Tuesday, July 24, 2012

A Rambling Follow Up To My Sermon

As a follow up to my sermon...

Here are the latest sticking point I'm dealing with in my quest to find salvation for those not yet affiliated with Christianity. I think my quest comes out of a personal perspective that goes something like this... I know a lot of people that are excellent loving human beings - many of whom, quite frankly, that put most Christians to shame with their acts of goodness - but that wouldn't touch Christianity with a ten foot pole while wearing gloves and a full body suit. It's not that they don't know Christ. The problem is that these people know "Christ" all too well. The branding of our religion has been so horribly mismanaged that these people think they know Jesus and the Jesus they think they know is not a dude they want to associate with. So these loving people go on loving other people and being good people while throwing up barriers to the TRUE gospel because of the false gospel they have heard. Are they doomed because of the evangelical missteps of others?

I admit that the sticking point in my thinking is that I believe Jesus when he says that he is the way and the truth and the life. I have found nothing else in all my travels that comes even close to Jesus as the way to live. Nothing. Even those many misguided individuals who think that they can be "spiritual" or perfectly good people without religion, no matter what they do are never going to reach their goal without finding Jesus. I believe this like I believe a boat without a rudder either crashes into rocks or goes in circles. No matter what your best intentions, without Jesus, you will fail to reach your goal of salvation.

But I define salvation a little bit differently than most. I don't see it as a place with pearly gates and unlimited non-fattening ice cream. I see salvation as a place where you are once and for all truly at peace with yourself and with each other - a place that is completely absent of all evil, where only love can reign. And really, can that be any place but in the presence of the one who made love, the one who is love? So salvation and Jesus line up perfectly with each other in a way that no other religion can offer - not Buddha, not Mohammed, nobody else.

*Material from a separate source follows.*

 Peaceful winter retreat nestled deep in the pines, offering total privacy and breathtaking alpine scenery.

So that's the sticking point. These people through no fault of their own are rejecting the one thing they truly want and need because flawed people have been representing Jesus to be something that He is not (and perhaps I am doing the same thing as well).

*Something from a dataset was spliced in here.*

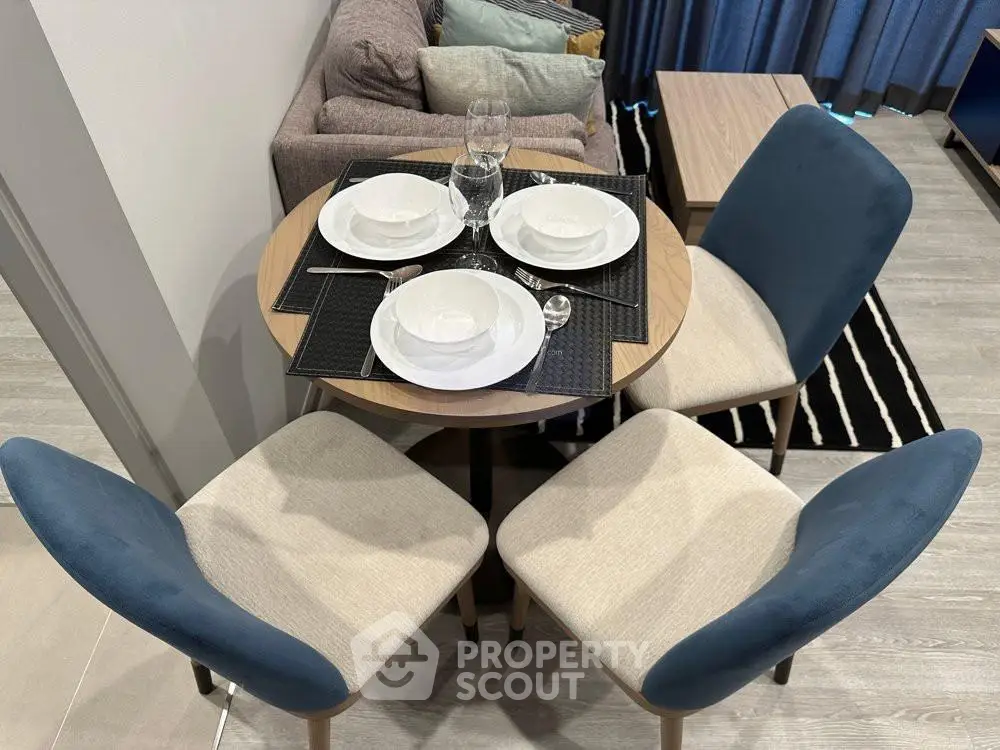 Cozy dining area with elegant table setting in modern apartment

If Jesus is the way, the truth and the life, and if we can not possibly convey that concept to others except through our limited human flawed perspective, then how does anyone ever get to know the real Jesus? I've always been taught that Jesus calls people to him. We don't save anyone ourselves, we only facilitate God in his work. Therefore, the only one that can truly present Jesus to other people is Jesus Himself. And I'm thinking that if that's the case, Jesus can take any form He wishes and follow any set of rules He wants in order to bring people to Him.


I think labels are man made constructs. I think God sees humans far differently than we see ourselves. I think He divides us into three groups - saved, not yet saved, and not willing to be saved. I think the first group is very small - maybe less than 1 person in a million. I think the second group is almost everyone else. And I think the last group is also very small - because to belong to the last group, you have to know Christ and reject him anyway. And I don't just mean that you heard about him on some TV talk show, but REALLY know him.

So the vast majority of us are wandering around in various places on our own spiritual quests - some near the end, some having just begun, most probably somewhere in the middle - and God is leading us at our best pace towards true wisdom and understanding. Fortunately, God grades on a curve and each student has his own curve - that is what true forgiveness is all about. One day we will all stand before him and we will know instantly whether we passed or failed - because the scales will fall from our eyes and we will see ourselves as God sees us and we will know whether we have pleased him or whether we have rejected him.

Anyway, that's where I'm at... it's not a complete theology... and some of it might be fancy wish fulfillment with scripture quoted conveniently to back it up. I don't know. I don't speak for God. I'm also not at the end of my spiritual journey and I still have a great deal to learn.